▸ **Source data**:
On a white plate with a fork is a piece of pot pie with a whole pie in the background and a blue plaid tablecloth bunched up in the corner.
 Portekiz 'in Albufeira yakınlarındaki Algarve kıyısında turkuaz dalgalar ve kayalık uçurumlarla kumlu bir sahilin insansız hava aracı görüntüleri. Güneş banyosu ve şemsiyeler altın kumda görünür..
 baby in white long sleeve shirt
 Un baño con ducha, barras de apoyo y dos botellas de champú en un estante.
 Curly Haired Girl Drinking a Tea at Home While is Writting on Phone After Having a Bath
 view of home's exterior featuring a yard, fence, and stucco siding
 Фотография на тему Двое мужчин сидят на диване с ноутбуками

▸ **Work to complete**:
Only the lines from the one containing "view of home's" through the last line of the records above are to be reproduced, exactly and with both ends included.

▸ **Answer for the task**:
 view of home's exterior featuring a yard, fence, and stucco siding
 Фотография на тему Двое мужчин сидят на диване с ноутбуками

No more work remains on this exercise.